Beyond image recognition, some API partners employ a process called “caching,” meaning they download photos to their own servers. One of the more common uses of caching is to build a marketing campaign around photos uploaded by users and tagged with a specific hashtag.
The companies don’t mention caching in their privacy policies and they vary in how long developers can store photos on their servers. Tumblr, for example, restricts caching to three days while Instagram says “reasonable periods.”
Some developers have already overstepped the rules set forth by photo-sharing sites. Last month, Pinterest learned from a Wall Street Journal inquiry that Piqora, one of seven partners in its business API program, launched in May, was violating its image-use policy.

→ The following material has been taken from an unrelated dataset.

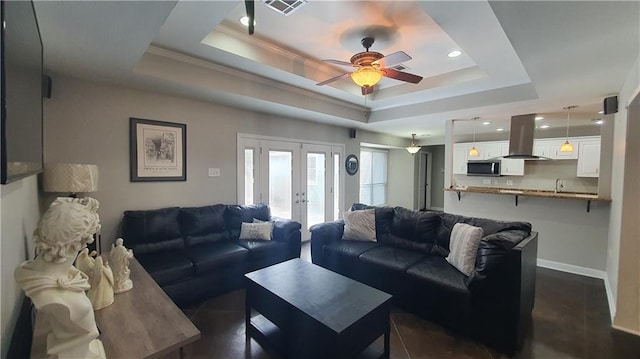 living area with french doors, a raised ceiling, ceiling fan, recessed lighting, and ornamental molding
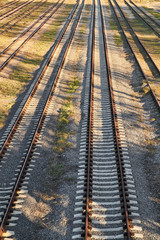 Fototapeta premium Rusty railroad tracks on gravel. Top view.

Piqora, a San Mateo, Calif., marketing analytics startup, collects photos into a graphical dashboard that help companies such as clothing and accessories maker Fossil Inc. track which of its own products and those of competing brands are most popular. This violated Pinterest’s rules, which restrict partners from using images from the site that were posted by anyone except their own clients.
After Pinterest learned about the violation, the company asked Piqora to discontinue the practice and plans to begin performing regular audits of its business partners, a spokesman for Pinterest said. Fossil didn’t respond to a request for comment.
Piqora co-founder and Chief Executive Sharad Verma says he has removed the ability to view competitors’ images in the dashboard. He also clarified his company’s cached photos policy from Instagram. Rather than keeping photos for an indefinite period of time, Mr. Verna said he will now delete photos from his servers within 120 days.
“We might be looking at doing away with caching and figuring out a new way to optimize our software,” Mr. Verma said.
— Lisa Fleisher contributed to this article.